Fortunately for his fans this is certainly not the case as he was handed the keys to the infamous Camden, Roundhouse and teamed up with Onefest to create a four day festival to celebrate live music named ‘Lost Evenings’.

Throughout the weekend there was a whole host of talent on show as Frank gave many bands/artists the platform to showcase their talents in front of a new audience, in addition to this, workshops and panels were organised to give guidance to the next generation looking to break their way into the music industry.

Frank and his band, The Sleeping Souls headlined each of the four nights with various themes chosen to keep things fresh with the final night’s theme aptly being a greatest hits set as well as a tribute to his record label, Xtra Mile Recordings and their seemingly never ending endeavor to introduce the world to new and exciting music.

It was British folk singer, Will Varley who kicked things off with his charming grass roots brand of folk story telling combined with his political commentary. Varley does have some comedy elements to his songwriting but that’s not on show tonight as he chose to play his socially and politically charged songs ‘We Don’t Believe You’ and ‘King For A King’ as well as playing ‘From Halcyon’ which was requested by the man himself (Frank).

Varley’s set was short but sweet and it wasn’t long before the energy in the Roundhouse is turned up a notch as label mates, Skinny Lister brought their sea shanty shenanigans to the stage.

The high spirited sextet were relentless in the quest to turn up the tempo with their brand of high octane folk punk with ‘Wanted’, ‘Trouble On Oxford Street’ and ‘This Is War’ keeping everyone dancing without a care. A huge roar of unison accompanied the sea shanty ‘John Kanaka’ and then closing out their set with the delightfully up beat ‘Hamburg Drunk’.

As Frank Turner & The Sleeping Souls take the stage for their final performance of the festival there was a spark ignited as the crowd’s energy was boundless as they tore through a set that included the self assuring anthem ‘Get Better’, the bombastic ‘Glorious You’ and the tongue in cheek ‘Demons’.

Sticking to the greatest hits theme, old favourites such as ‘Recovery’, ‘If Ever I Stray’ and ‘The Road’ were greeted with an enthusiastic energy that show the crowd still love the oldies but goodies, even if they are hearing them for the second time in the space of a weekend.

There were a couple of hidden gems thrown into the mix as songs that don’t always make their way into the set were given an airing, ‘One Foot Before The Other’, ‘The Journey Of The Magi’ and ‘Rivers’ gave the fans a feeling of nostalgia from albums gone by.

As the band returned to the stage for an encore, a humbled Turner gave a speech on how honoured he felt to be able to create a festival centered around himself and his band but never to self indulge he tipped his hat to the crew, organisers and artists for their part in the making of this festival before leading into a once forgotten song, ‘Love, Ire & Song’.

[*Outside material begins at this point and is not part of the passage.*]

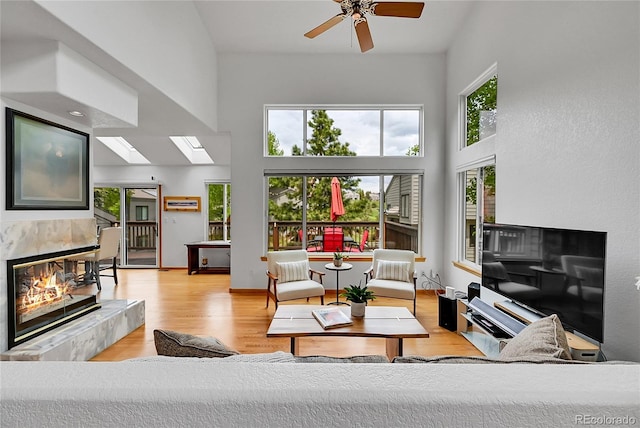 766 Chimney Creek Dr, Golden, CO 80401 - living room with a high ceiling, a tile fireplace, a skylight, light wood finished floors, and a ceiling fan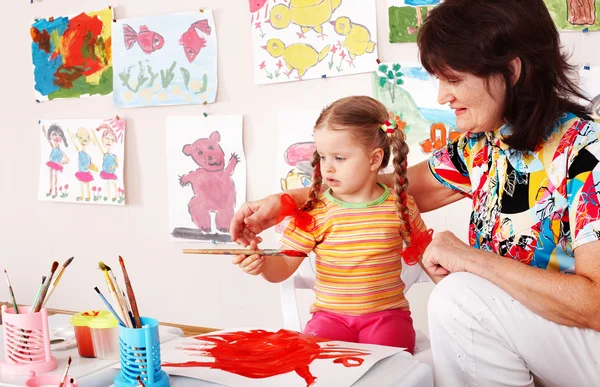 Ребенок с учителем рисует краски — стоковое фото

Always one to leave a gig on a high note the band lead the crowd into a frenzied state as they dance around and sing their lungs out to ‘I Still Believe’ before finishing off with the raucous ‘Four Simple Words’ that resulted in Frank crowd surfing across the room, forever accessible to his fans!

The community feel that’s ever present at a Frank Turner gig was felt ten fold as you could see that the crowd were together as one, enjoying every moment with their friends – old and new. The festival was sold out on every day/night and that’s an indication of the dedication the fans have for this band and although this was the show that marked the end of the festival, you could feel that it was actually just a new beginning.